The ten finalists are:
- Dan Burt of Millbrook, Alabama for
Shuffling Cards at Work: Deal Me Out
- Jennifer Byrne of Glassboro, New Jersey for
How To Be Your Own Worst Enemy
- W. Bruce Cameron of Santa Monica, California for
Golf for the First Time
- Sean Ellis of Amityville, New York for
You Say you want a Resolution?
- Harmony Harrison of Bandon, Oregon for
How to Chew or Pilates for Masticators
- Bill Hyder of Columbia, Maryland for
Mr. MacGregor Comes Through
- Christopher Perdue of Eugene, Oregon for
Quitting Coffee: I'd Rather be Eaten by a Raptor
- Mike Procter of Calgary, Alberta for
Better Living Through Research
- Anthony E. Sorrentino of Milton, New York for
Fruit for Thought
- Ed Tasca of Toronto, Ontario for
My six steps for taming any earthquake
The Robert Benchley Society, a not-for-profit organization, was founded in Boston,
Massachusetts in 2003. It has since grown to include members in several countries.
Information about the Society may be found at www.robertbenchley.org.
Robert Benchley (Grandfather of Peter Benchley who wrote Jaws ) rose to fame as a
leading humorist in the 1920s writing for Harvard Lampoon, The New Yorker,
Vanity Fair, where he shared an office with Dorothy Parker, Life magazine, and
as a humor columnist for the Hearst Newspapers.
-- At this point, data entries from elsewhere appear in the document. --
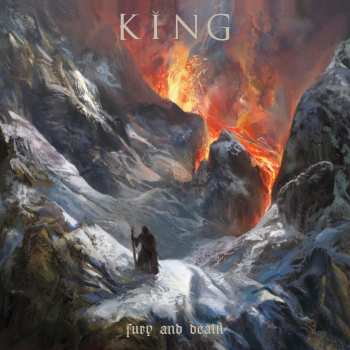 CD King: Fury & Death
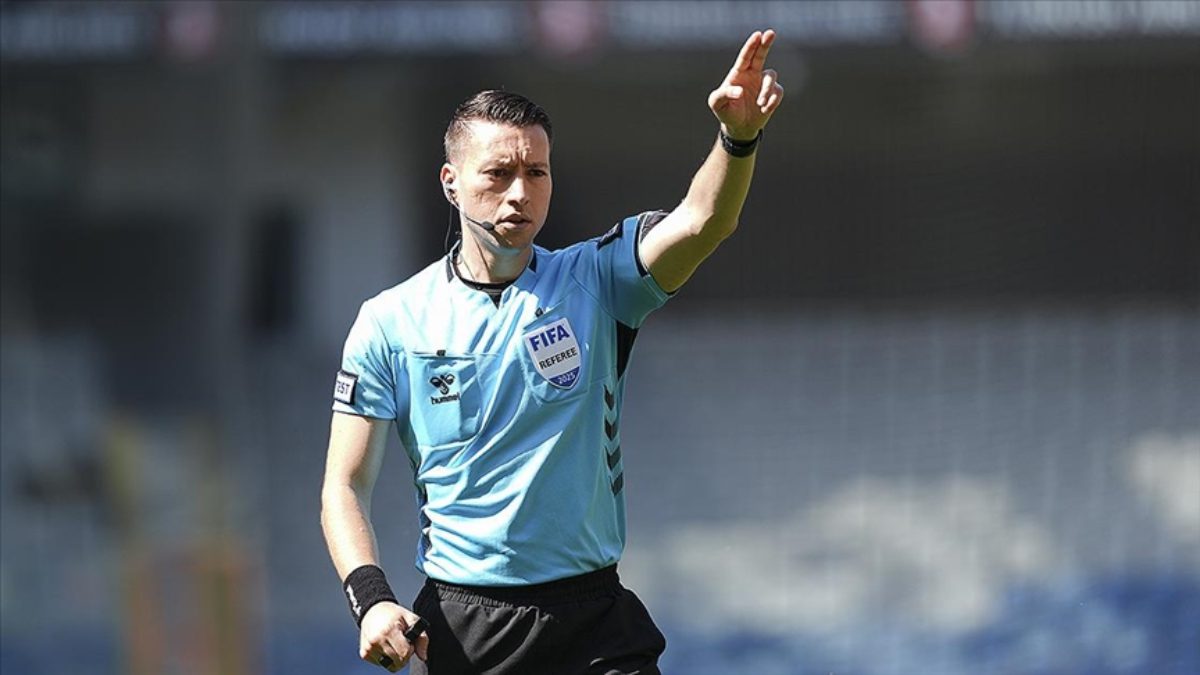 MHK, Süper Lig'de 7. hafta mücadelelerinde düdük çalacak hakemleri açıkladı.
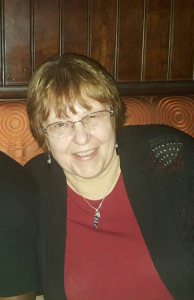 Profilbild von Ute Barber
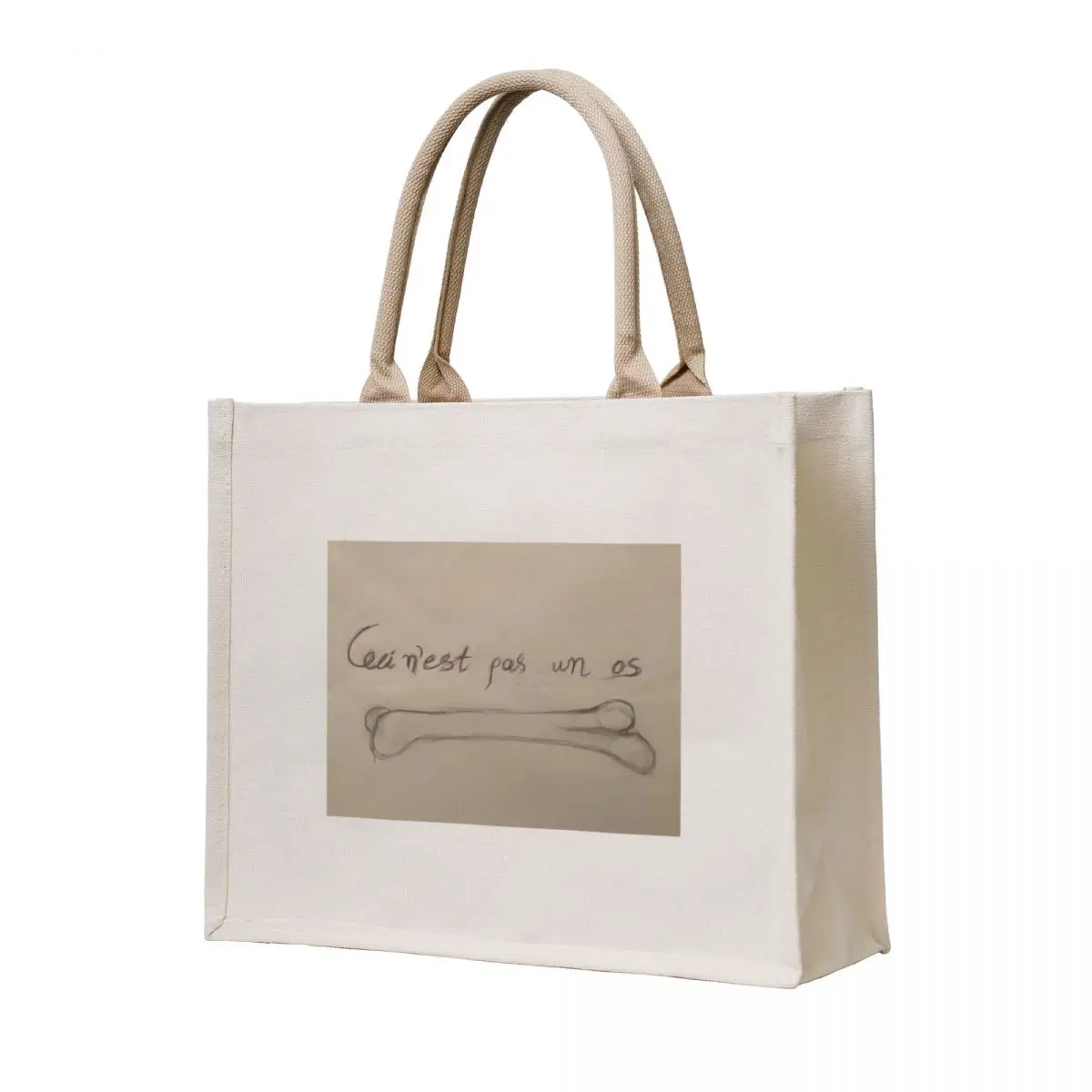 

Gt αυτ δεν εναι να κκαλο, Cecil n est pas in os Tote Bag Women's bags Handbags Shopper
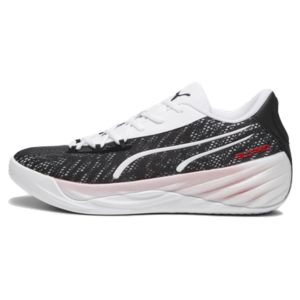 Puma All-Pro Nitro Black Lime Squeeze (378541-02)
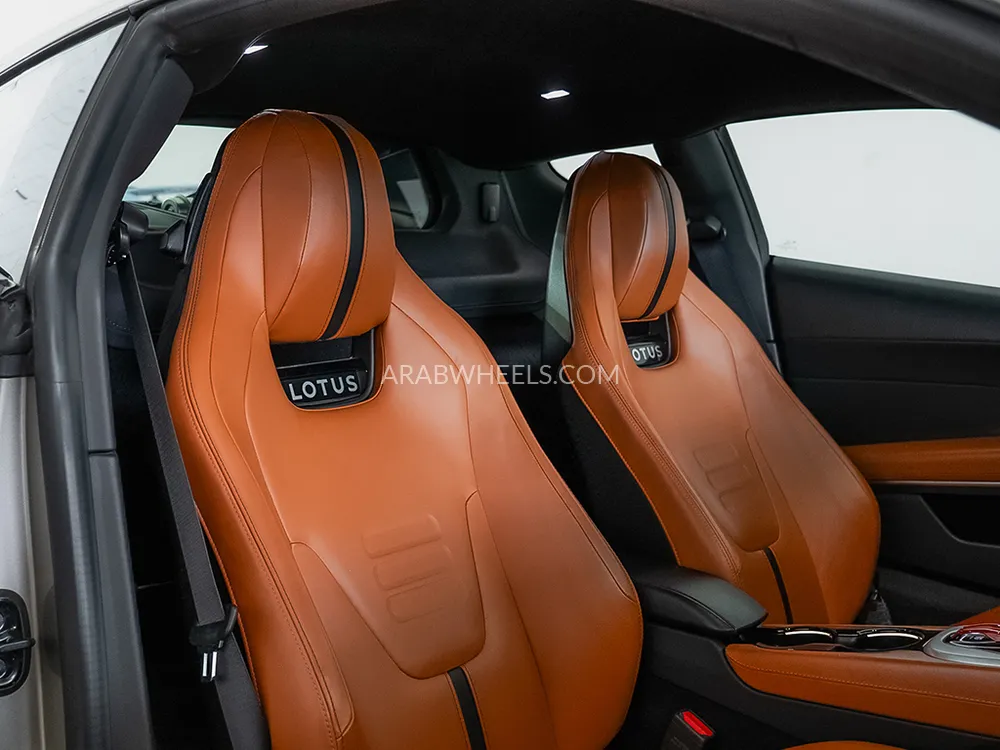 Lotus Emira 2023 for Sale in Dubai Image-14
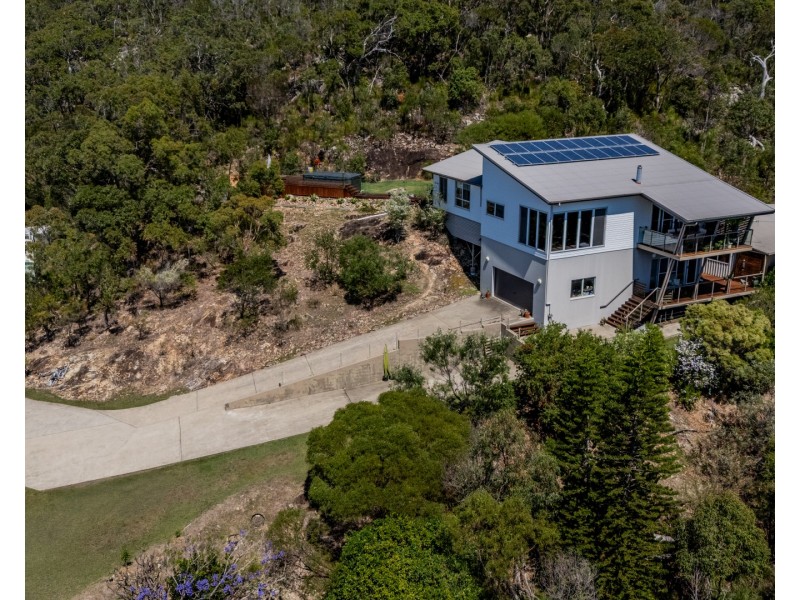 340 Anderson Way, Agnes Water QLD 4677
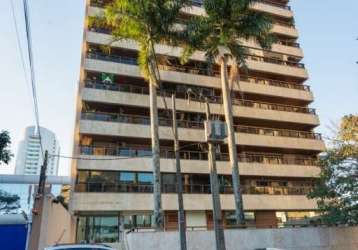 Apartamento com 3 quartos à venda no eldorado, londrina  por r$ 1.700.000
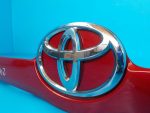 7681106130E0 Накладка крышки багажника TOYOTA Camry V40 2006-2011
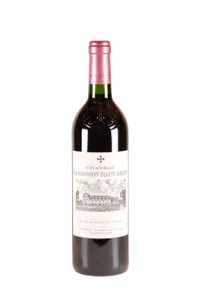 Château La Mission Haut-Brion rouge, CC Pessac-Léognan - 2021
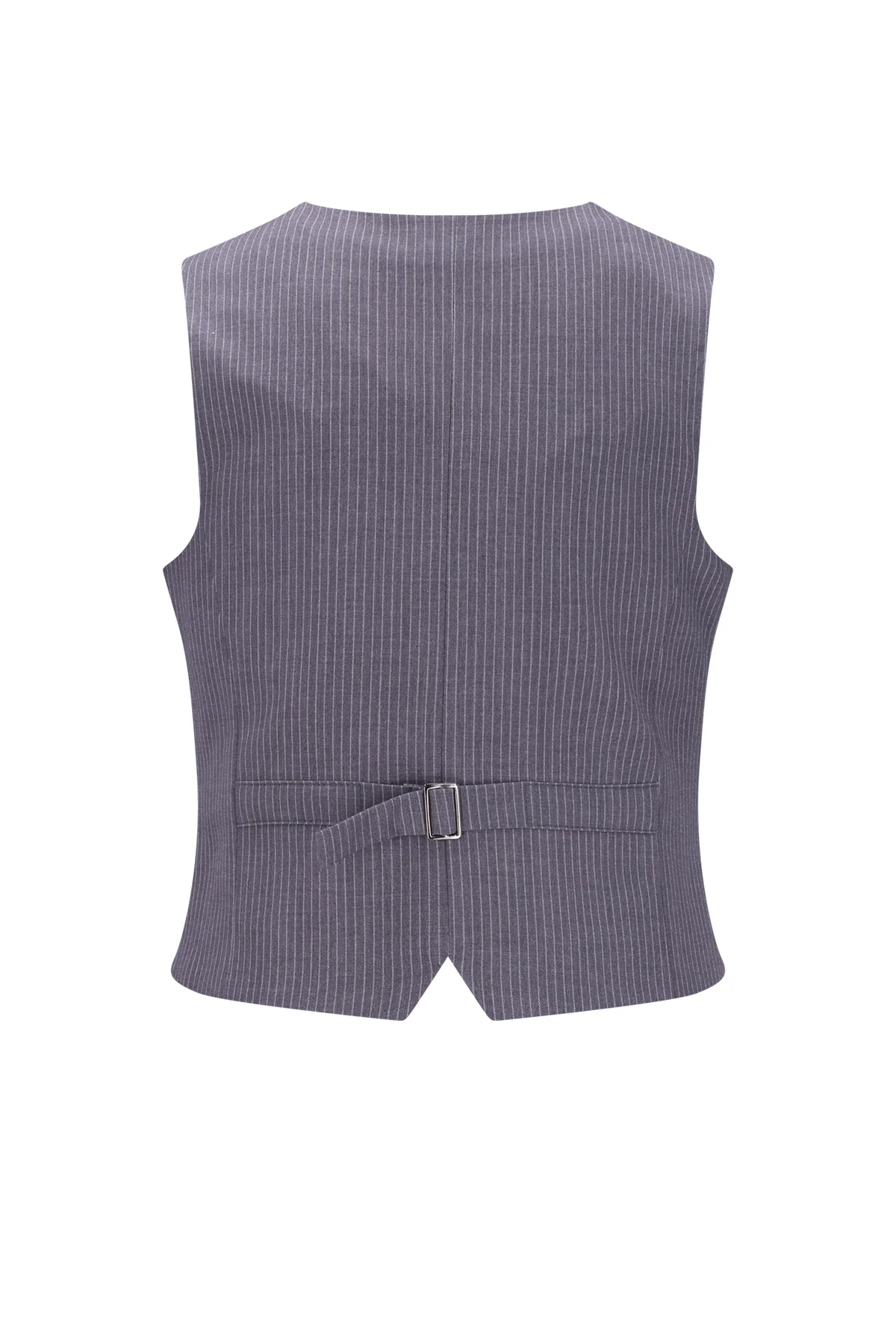 Gilets grijs Red + Blu - Image 2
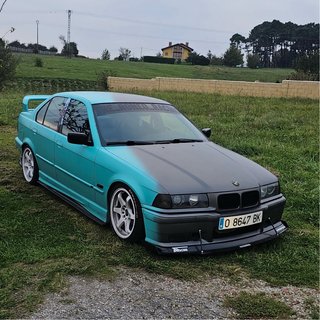 BMW Serie 3 1994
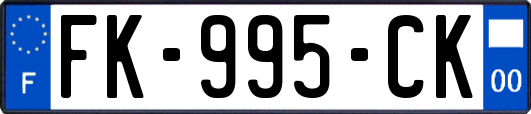 FK-995-CK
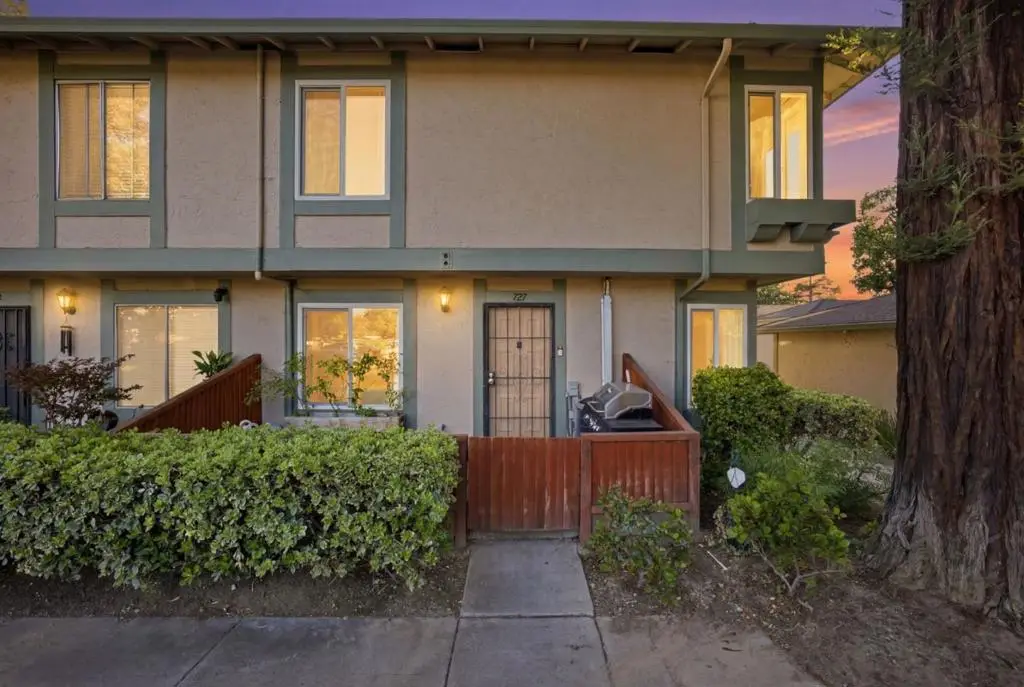727 Balfour Drive, San Jose, CA 95111 - #1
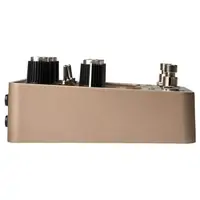 Педаль эффектов Universal Audio Golden Reverberator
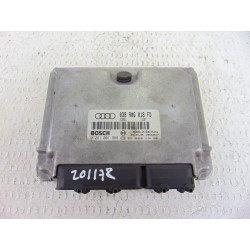 038906018FD CENTRALITA MOTOR UCE AUDI A4 BERLINA (B5)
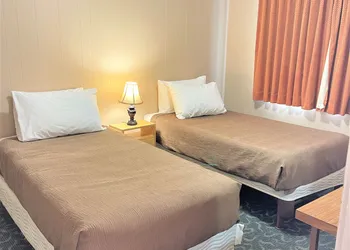 Bowmont Motel hotel thumbnail 8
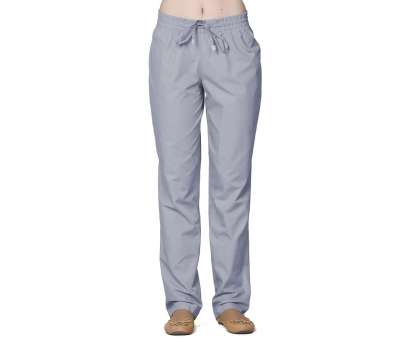 Брюки женские на шнурке "Серые" для медицинского костюма Брюки женские на шнурке "Серые" для медицинского костюма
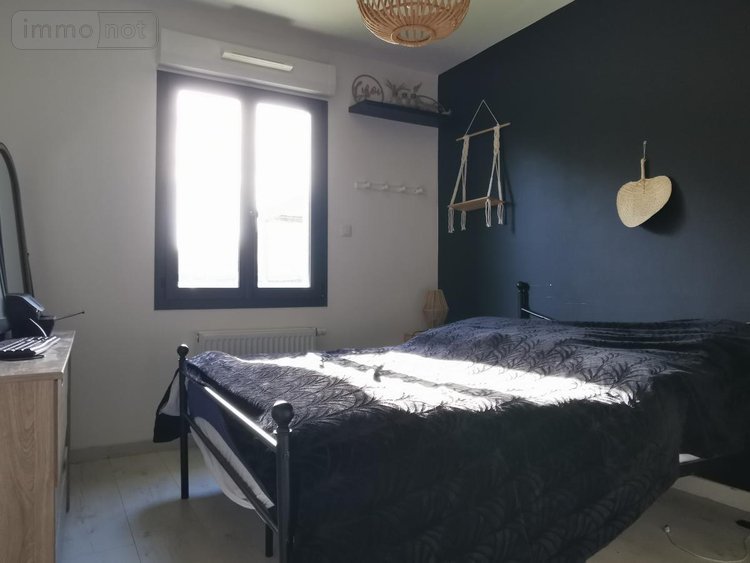 Maison a vendre Vitry-en-Artois 62490 Pas-de-Calais 101 m2 5 pièces 246280 euros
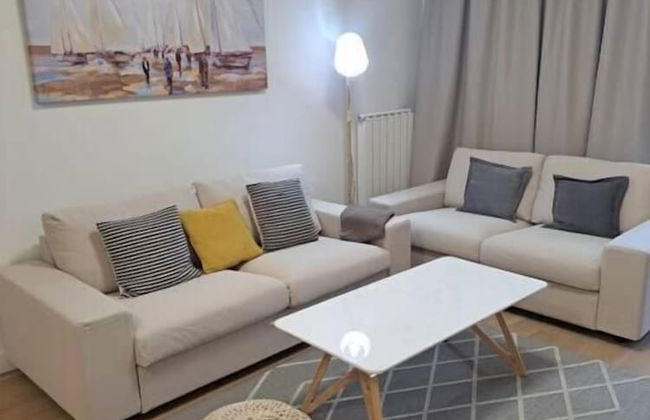 Marijan Belgrade Waterfront - Foto 1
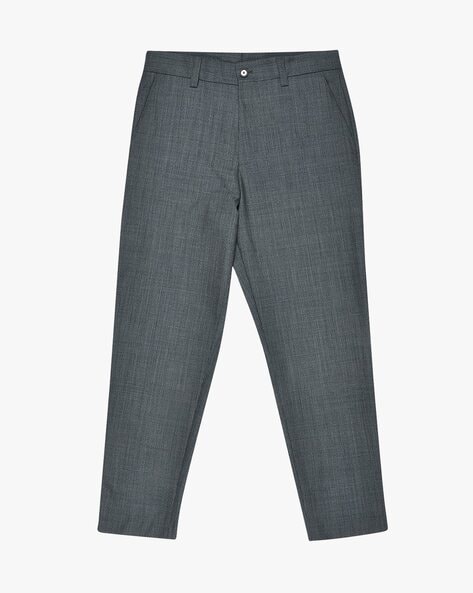 VTMNTS Straight Leg Trousers | H. Lorenzo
Benchley was also notorious as a
member of the Algonquin Round Table. Today's leading humorists, including
Dave Barry, Woody Allen, Bob Newhart, Russell Baker, and Steve Martin, gratefully
acknowledge Robert Benchley's influence on their work.
Horace J. Digby, the 2005 Robert Benchley Humor Prize says:
"I found my first Benchley book in my parents attic. I was eight years old, pretending
to be too sick to go to school. I never knew adults wrote books like that. It was
love at first sight. I read it over and over. That's when I knew I wanted to be a
humor writer when I grew up, just like Robert Benchley."